Rz: 15 kwietnia na sale rozpraw wraca stary-nowy proces karny. Nie za szybko okrzyknięto klęskę reformy z lipca 2015 r.?
Paweł Wiliński: Trudno nie mieć wrażenia, że za wcześnie. Model z rozszerzoną kontradyktoryjnością obowiązuje niespełna dziesięć miesięcy, a już od kilku miesięcy mówi się, że będą zmiany. W takich warunkach reforma nie miała zbyt dużych szans na powodzenie.
Sędziowie twierdzą, że w sytuacji tak częstych zmian procedury coraz łatwiej o błąd przy ustalaniu, jakie przepisy należy w konkretnej sprawie stosować. Może być więcej uchyleń wyroków?
O błąd rzeczywiście jest dużo łatwiej niż kiedyś.

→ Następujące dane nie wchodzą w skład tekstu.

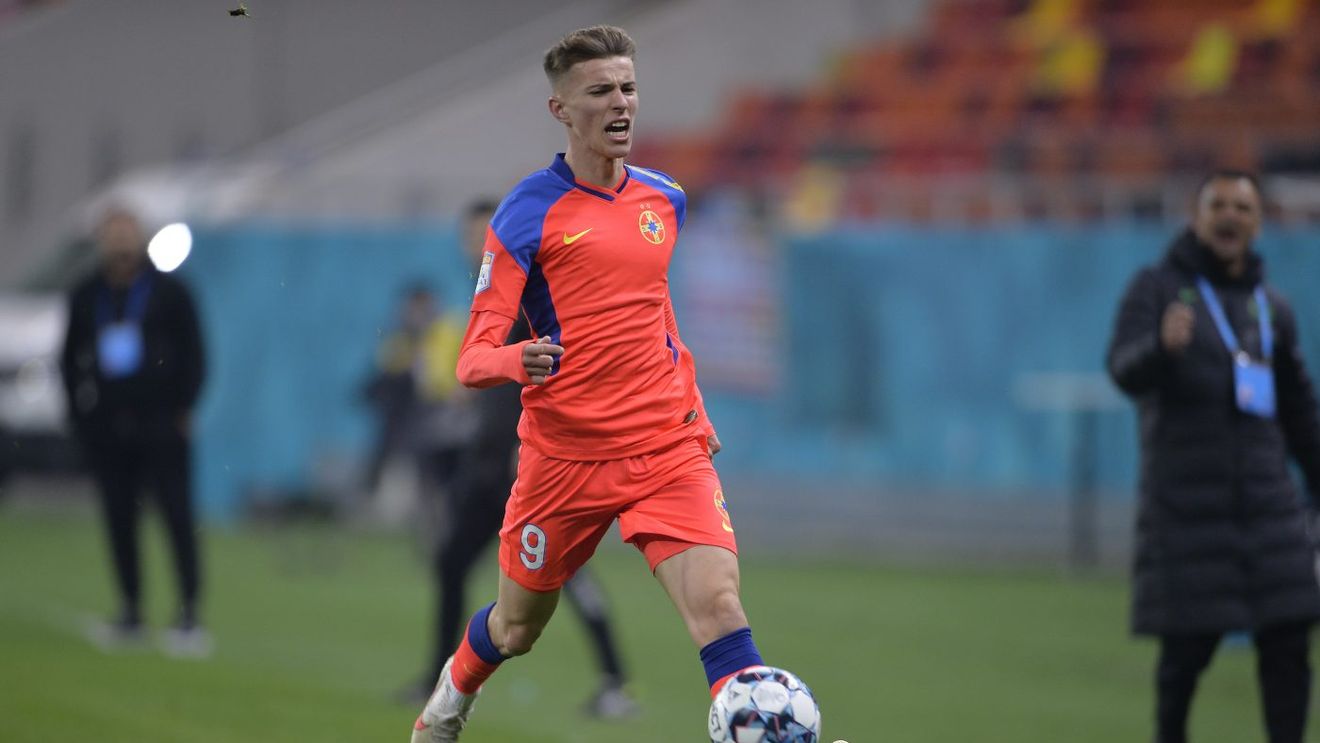 Octavian Popescu, situație îngrijorătoare la FCSB. „Niciun progres în ultima perioadă!”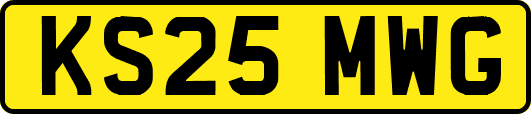KS25MWG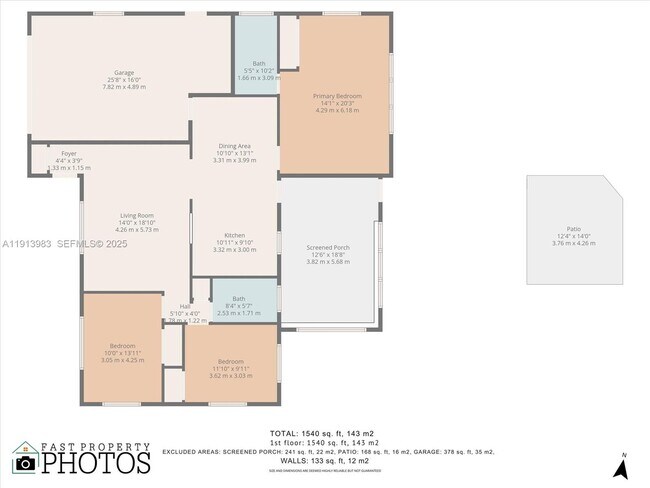 Building Photo - 4500 SW 42nd Terrace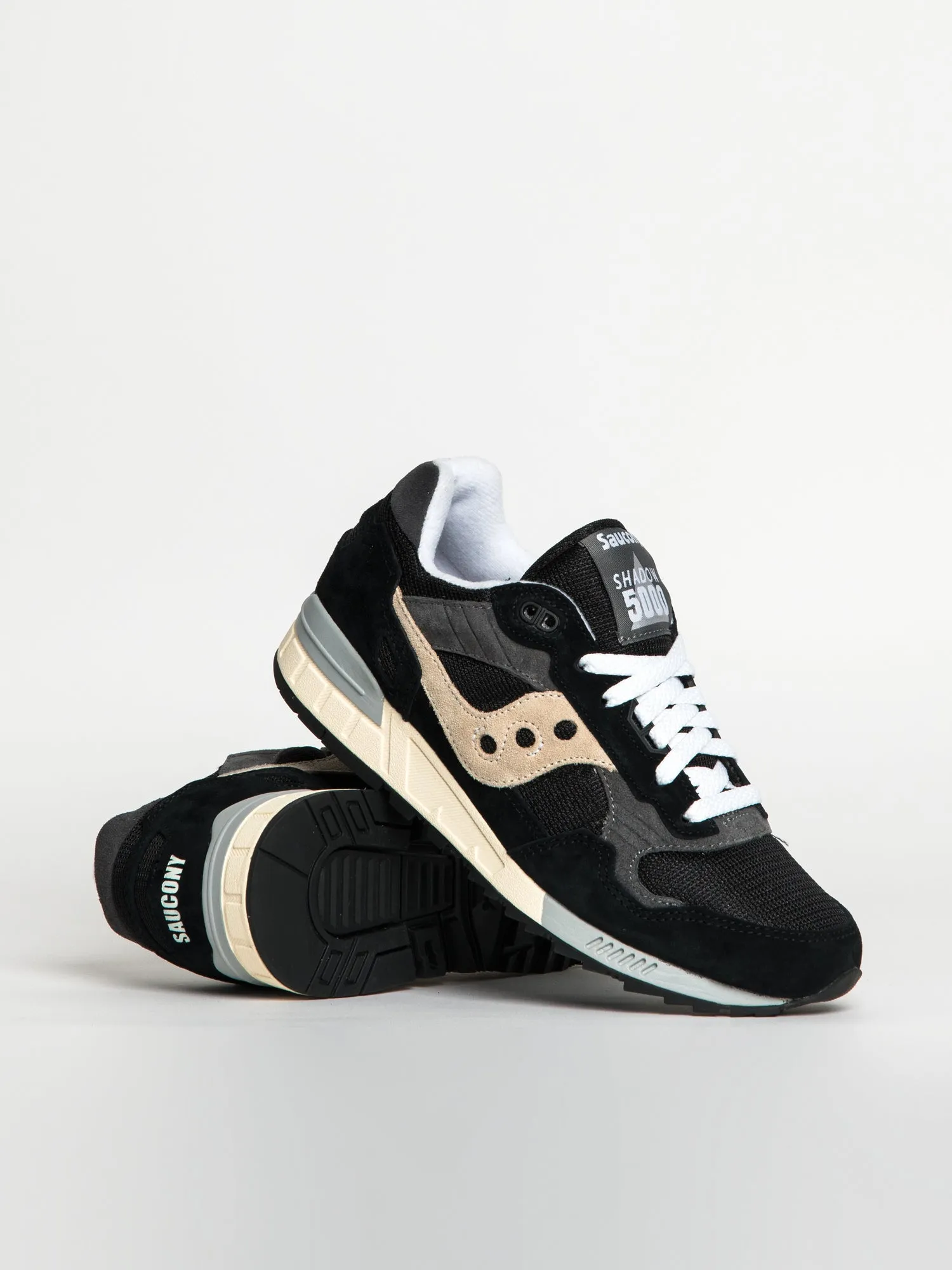 MENS SAUCONY SHADOW 5000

Powstaje bardzo złożona szachownica układów procesowych. Możliwe, że jeden sąd może mieć do czynienia równocześnie z trzema albo nawet czterema stanami prawnymi. Sędzia za każdym razem musi zbadać, które przepisy stosować. Chciałbym powiedzieć, że w takiej sytuacji da się uniknąć błędów, ale ryzyko naprawdę jest ogromne.